The projections were that the number of form four leavers would ultimately rise to 14,500 in 1970.

The nature of civil service work demands that many take decisions or deal with matters which personally affect members of the public or their colleagues in government.

Sometimes, this petty power over others, Kariithi warned, had a corrupting effect on some people who adopted an attitude that they were dispensing favours and privileges at their discretion.

That is why the pioneer chief of public service warned them that there were plenty of people who were ready to replace public servants who could not live up to the calling of their public duty.

 If the former chief of civil service were to rise from the grave again, he would be horrified to learn that some occupants of public offices today have become millionaires by peddling power and influence emanating from their offices.

That is why the Asset and Recovery Authority has fully occupied chasing and seizing the property of public servants who have become overnight millionaires and had wealth whose source they could not account for.

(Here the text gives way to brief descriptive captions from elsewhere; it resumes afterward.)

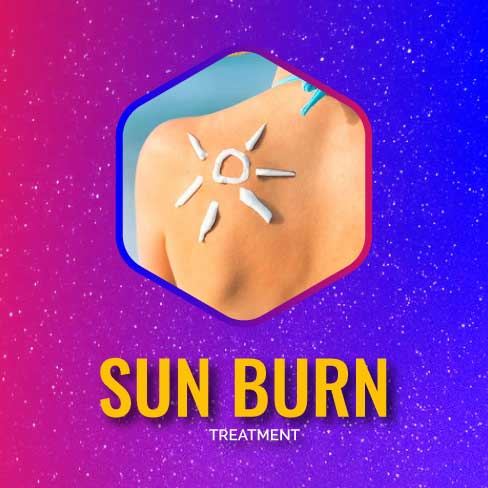 Sun-Burn3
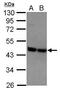 Purinergic Receptor P2Y2 antibody, PA5-30113, Invitrogen Antibodies, Western Blot image 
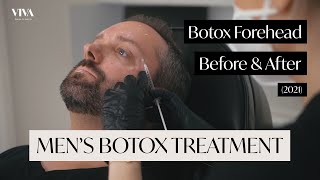 Botox Forehead Before and After 2021  Mens Botox Treatment [upl. by Hitchcock]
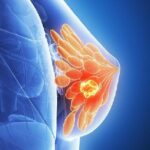 Researchers Uncover Cancer Dormancy Hint at New Treatments 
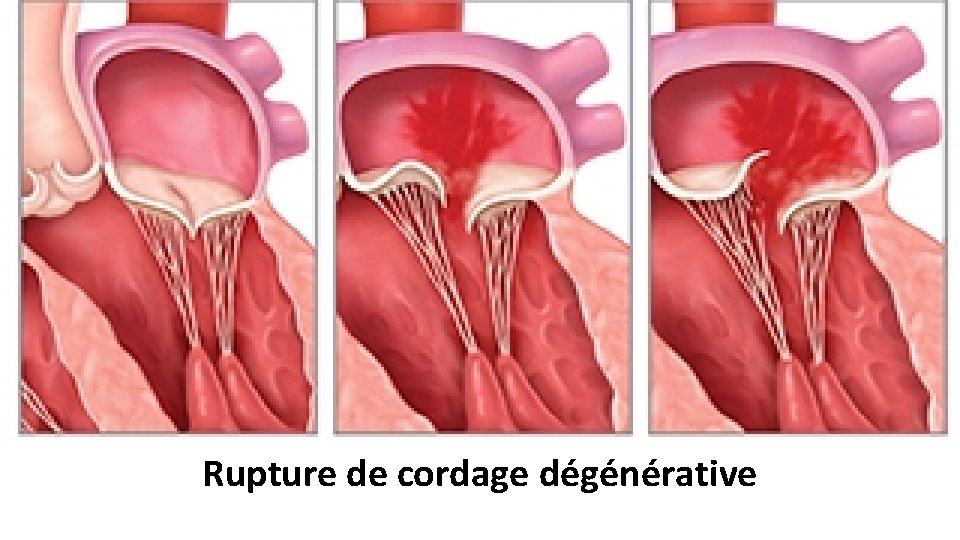 Rupture de cordage dégénérative 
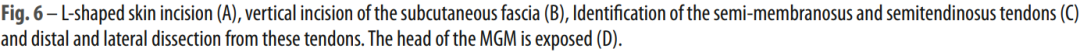微创“Badet入路”复位固定胫骨后叉止点骨折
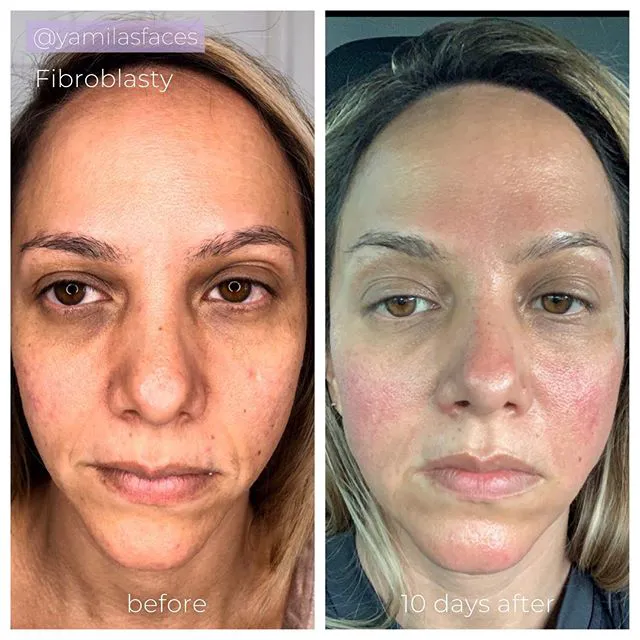 Yamila's Faces Skin Care - Hallandale Beach Picture 10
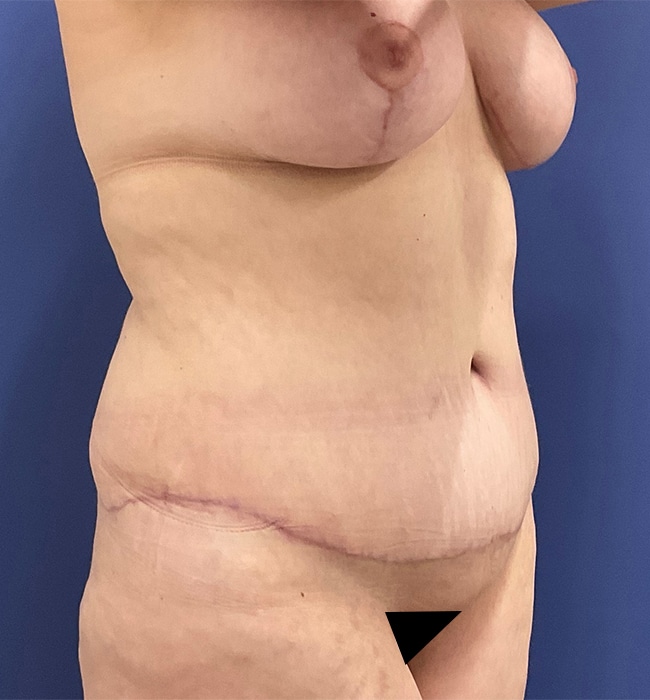 After Image: Patient # 4597 - right-front-oblique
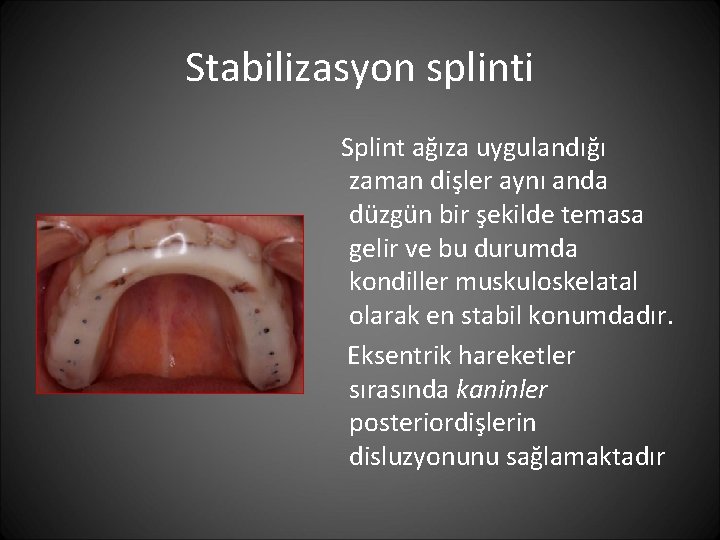 Stabilizasyon splinti Splint ağıza uygulandığı zaman dişler aynı anda düzgün bir şekilde temasa gelir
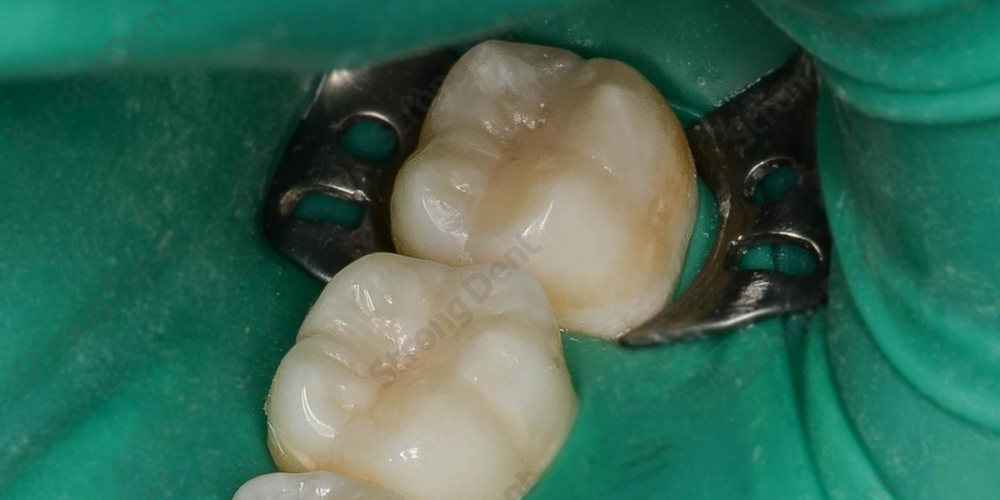  Результат восстановление зубов нанокомпозитной пломбой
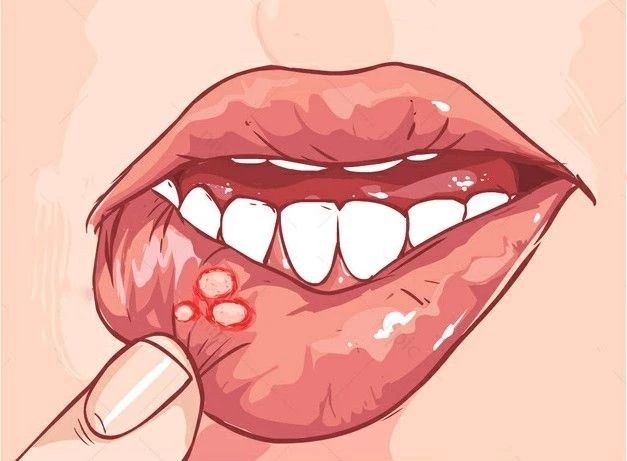 拔牙矫正牙齿后口腔溃疡怎么办,矫正牙齿后经常口腔溃疡怎么办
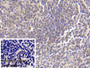 DAB staining on IHC-P; Sample: Porcine Spleen Tissue Primary Ab: 30ug/ml Mouse Anti-Human CD63 Antibody Control: Used PBS instead of primary antibody Second Ab: 2ug/ml HRP-Linked Caprine Anti-Mouse IgG Polyclonal Antibody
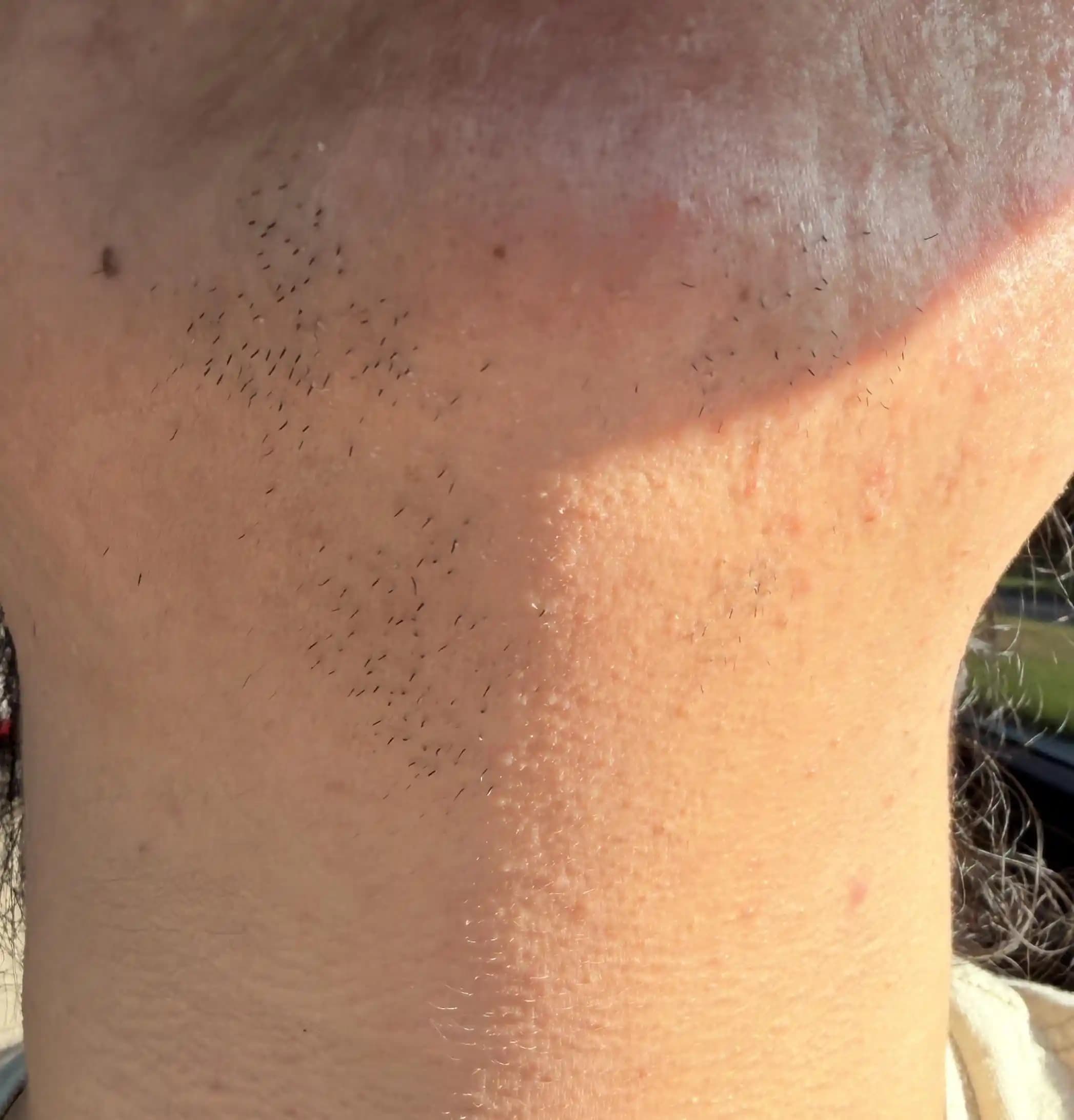 Yüz Bölgesinde Lazer Epilasyon ve Elektroliz Yöntemlerinin Karşılaştırmalı Analizi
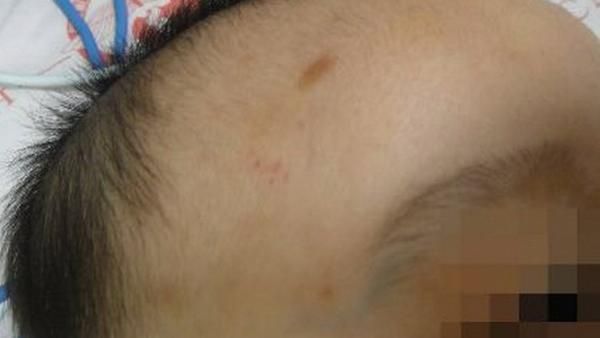4月男嬰嗆奶死亡　驗屍竟揭驚人事實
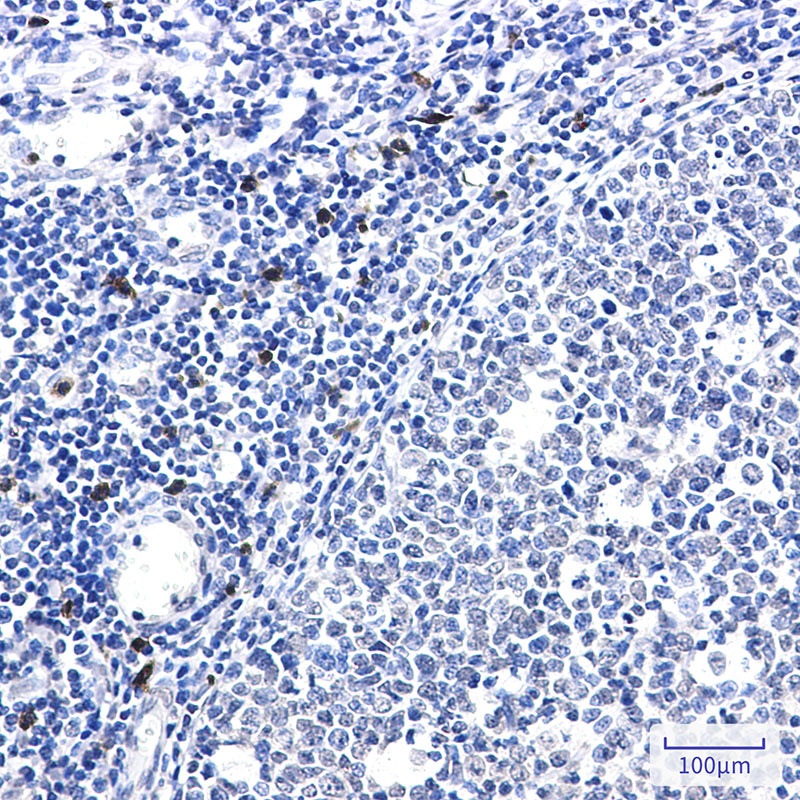 IL-26 Rabbit mAb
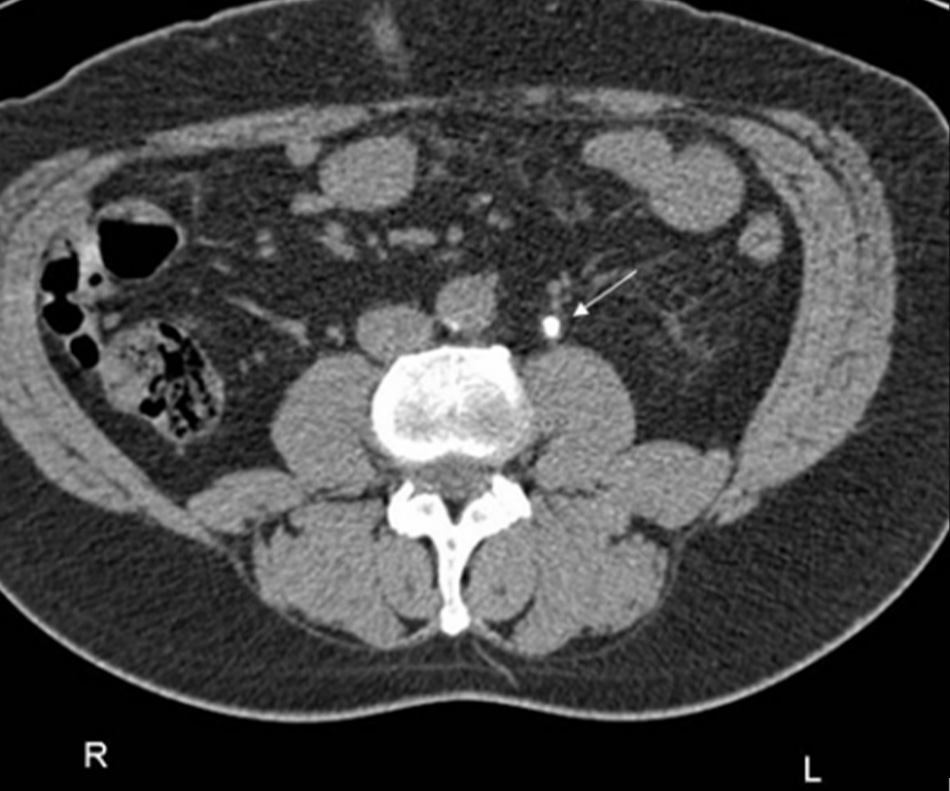 Hình 1: Chụp CT cho thấy sỏi niệu quản bên trái Từ thông tin thu thập cá nhân của bác sĩ Kasra Saeb-Parsy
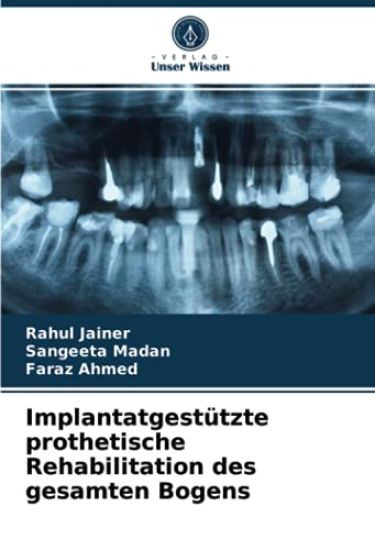 Implantatgestützte prothetische Rehabilitation des gesamten Bogens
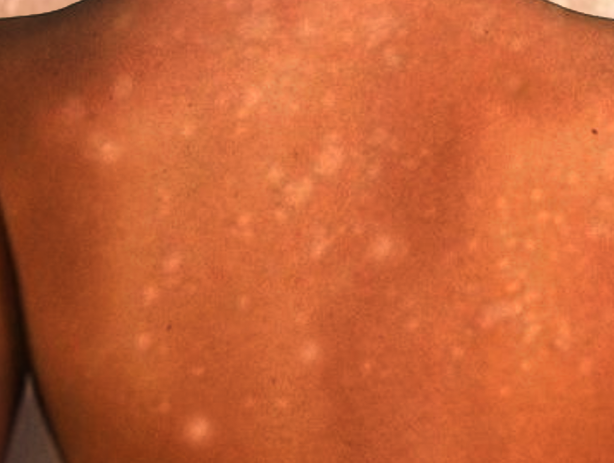 <p>Guttate Hypomelanosis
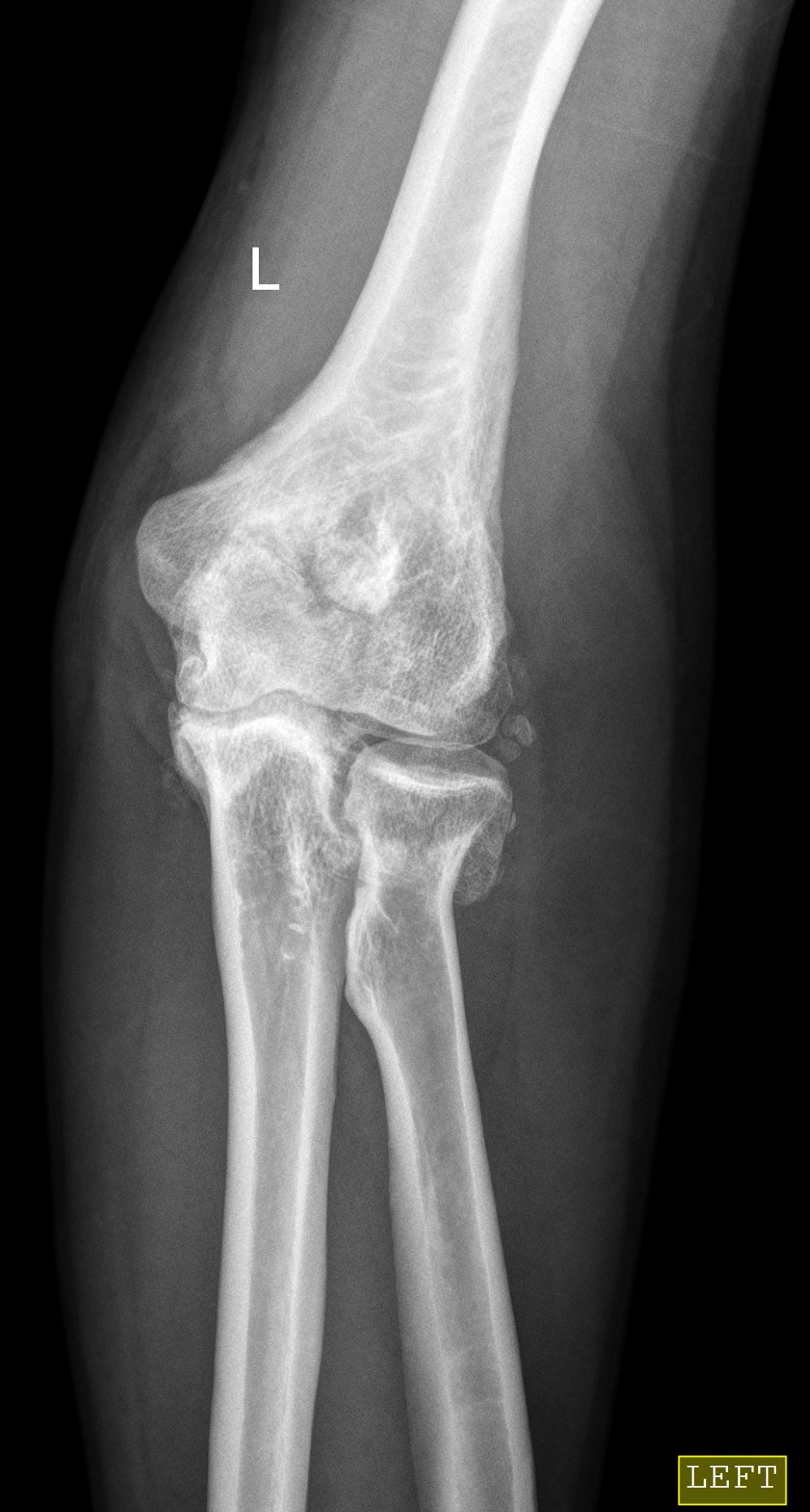 Normal Pediatric Elbow X Ray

The same spirit pervades elective offices where individuals are currently engaged in fierce battles where they are burning millions in campaigns so that they can access public offices where they hope to recover their expenses.

After close to 60 years of independence, the country’s public service is about to hit the one million mark as there are over 923,000 public servants, who are paid a collective total of Sh760 billion every year. The costs are even more if the amount pilfered from public coffers is factored in.